Why Ethereum Could Be Turning The Tides On Bitcoin
Fundstrat's Sean Farrell has been one of the most accurate analysts in crypto. Now, he says ETH is mounting a comeback
By: Zack Guzman
May 19, 2025
For much of the past two years, Ethereum has been the “forgotten” blue chip in crypto portfolios. Its messaging fell flat, Layer-2s siphoned activity away from the main chain, and a wave of short interest made it one of the least fun trades in the market.
But now, Ethereum’s fortunes may finally be turning — and Fundstrat Head of Digital Asset Strategy Sean Farrell thinks that trend could continue.
“We've been pretty sour on ETH for the better part of the past couple of years,” Farrell told Coinage. “But in early May, we started to see that ETH/BTC pair trade sideways in a pretty tight range."
That kind of relative strength — paired with a lack of any ETF hype or major catalyst — is what caught Farrell’s attention. “This was pretty organic,” he said, describing the recent ETH rally. “An instance of price discovery.”
The organic nature of the move is one key difference from past false starts in the ETH/BTC chart. While Farrell noted prior rallies in Ethereum were tied to catalysts like ETF speculation, this recent move appears to be rooted more in market structure and fundamentals — particularly capital flows.

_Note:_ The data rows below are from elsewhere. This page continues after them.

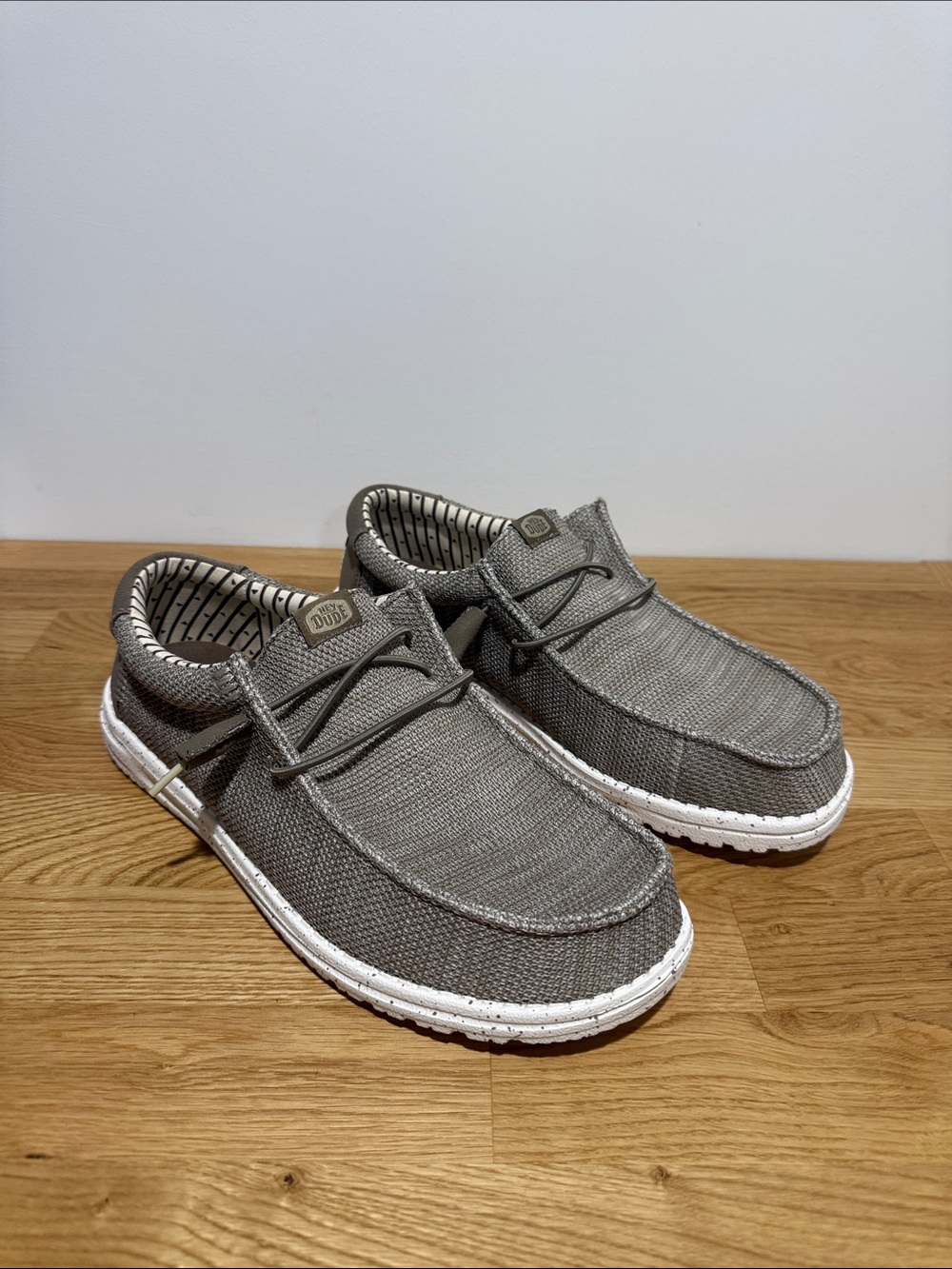 Brand new men’s Heydude Wally stretch Sox size 10 Slip-On Men's Sneakers
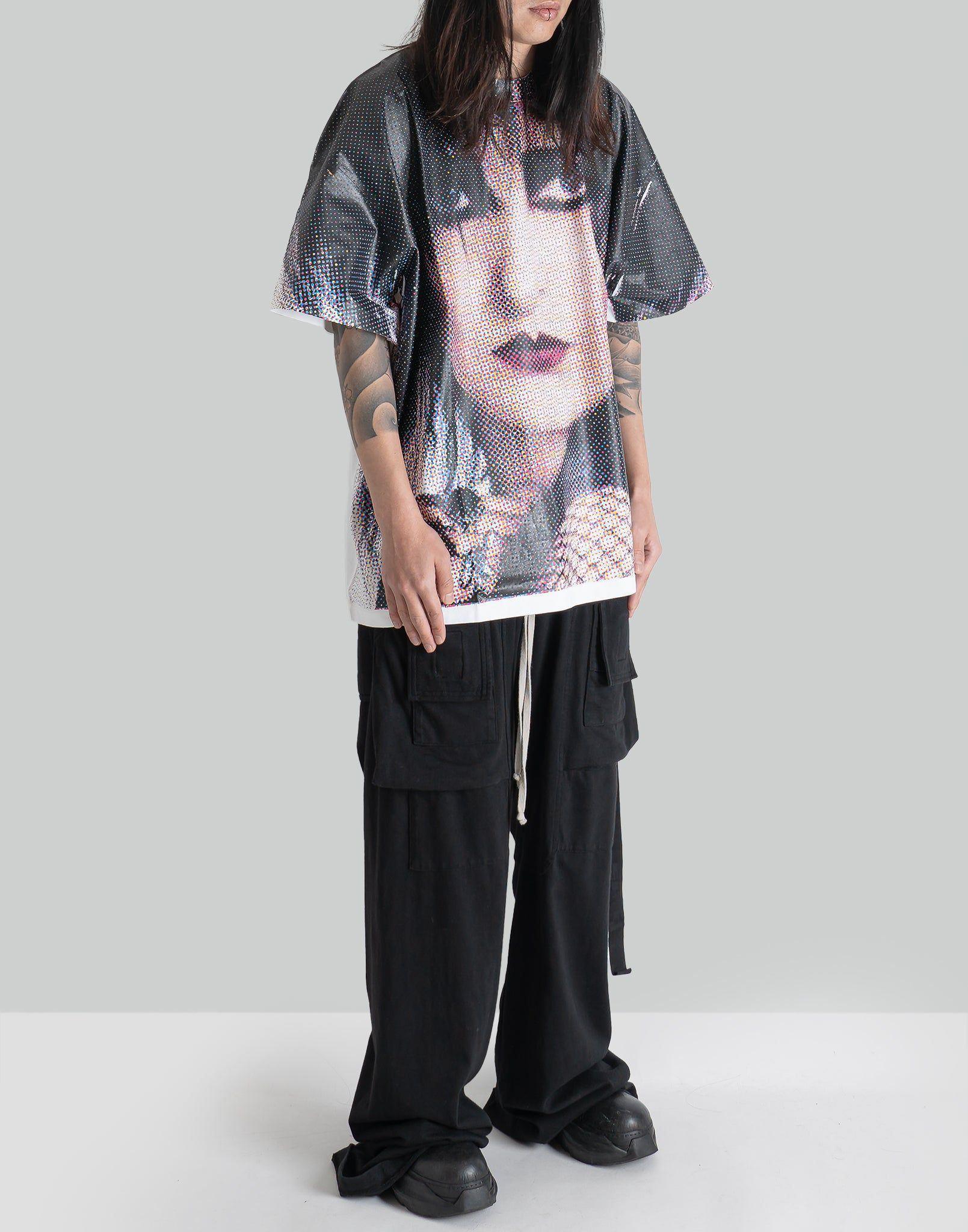THE SALVAGES - “SIOUX” SERIGRAPH OS T-SHIRT - 082plus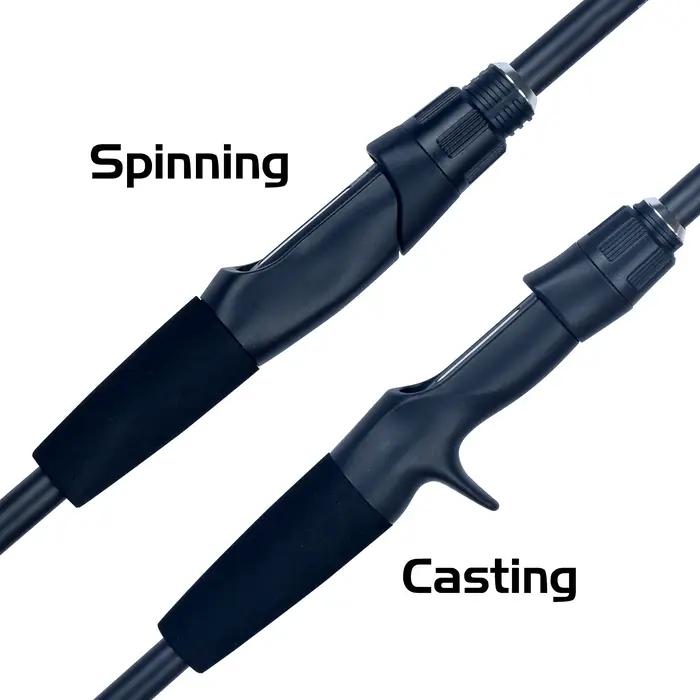 Phishger Spinning Bait Casting Travel Carbon Mini produit pour canne à pêche poids de moulage 5 - 30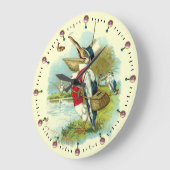 de heer PELICAN VIST, crème, roze stenen Grote Klok (Hoek)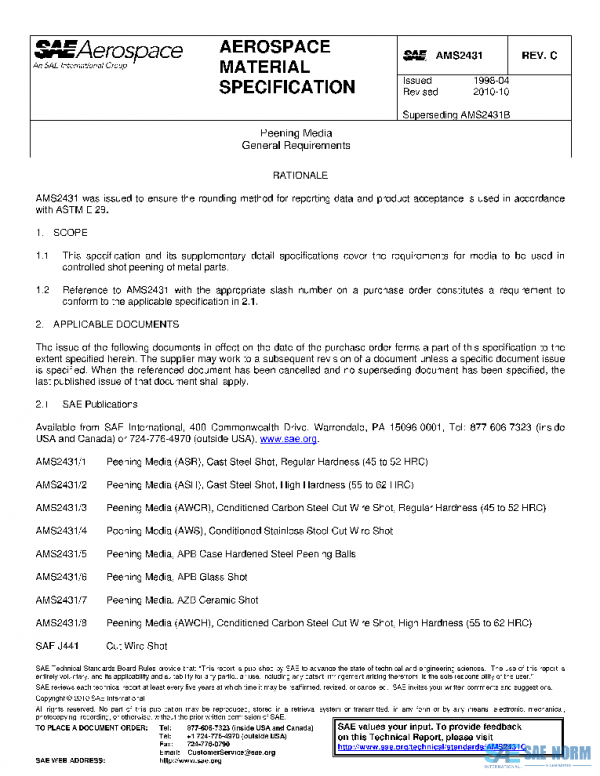 SAE AMS2431C PDF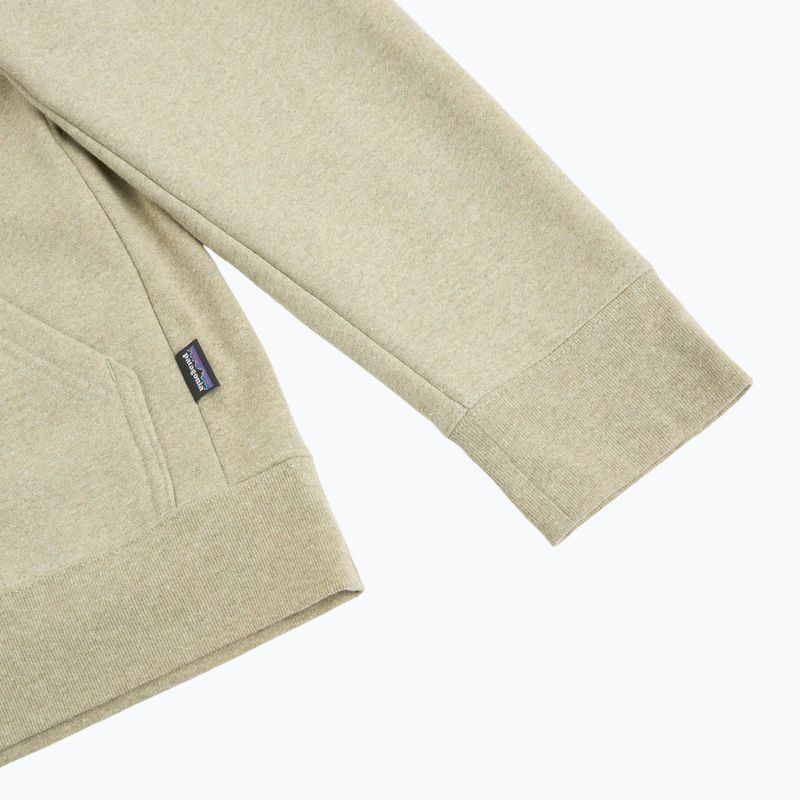 Кофта чоловіча Patagonia Boardshort Logo Uprisal Hoody gumtree green 4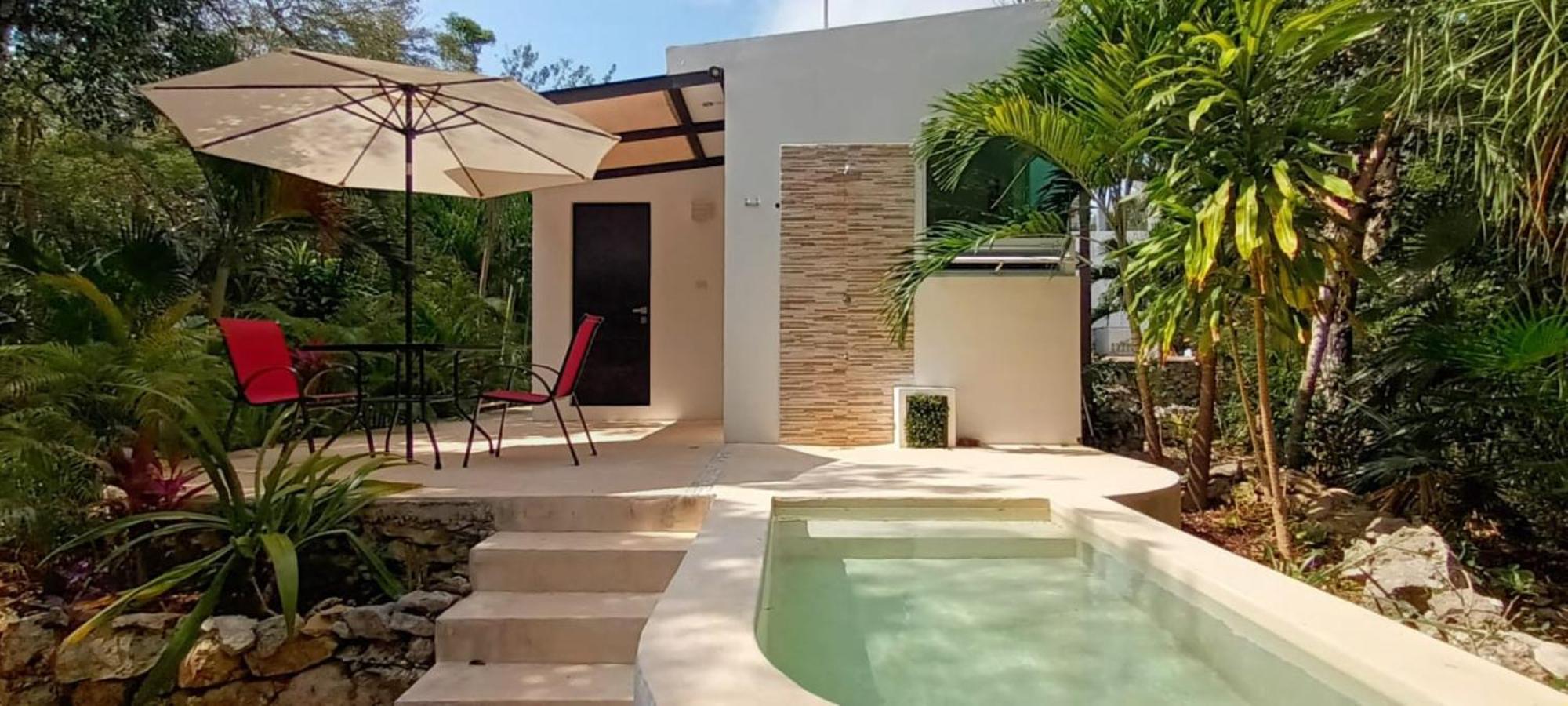 Holiday home Viila Ixchel Jungle Pool Tulum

And even amid the exodus of activity to L2s like Coinbase’s Base chain, Farrell said there may be a “cultural and strategic shift” underway at the Ethereum Foundation itself, with renewed focus on L1 scalability.
“That might bring some more speculation to the L1 and just make the user experience a whole lot better,” he said.
From a price perspective, Farrell is watching the ETH/BTC 100-day moving average — and suggested that, all else equal, if Bitcoin stays flat around $104K, that puts ETH at $3,100 in the near term. And if BTC rallies, as Fundstrat expects it will, “that price target increases.”
So far, Ethereum’s breakout appears to be tracking closely with a broader shift in crypto risk appetite — something Farrell also flagged by looking at small-cap stock performance.
“If you look at the ETH/BTC pair, it's followed that small-cap S&P 500 relative pair pretty closely over the past couple of years,” he said. “And small caps bottomed around April 14th.” Interestingly, both continued to move in tandem and retreated in lock-step Monday morning.
Nonetheless, Farrell highlighted how Ethereum’s moves help anchor valuations across other L1s — most notably Solana. “All of these L1s are priced off of each other,” he said. “If ETH rallies, that increases the near-term upside for Solana.”
That’s especially significant as new ETH buyers step in — and short interest rolls off.
“ETH has also been heavily shorted,” Farrell added. “That’s been a structural headwind.”
But with shorts covering, institutional flows returning, and Ethereum’s fundamentals starting to catch up with price action, Farrell sees more room to run.
“I do think there is reason to be a little more optimistic,” he said.
And for the first time in a long time, Ethereum might finally be leading that optimism.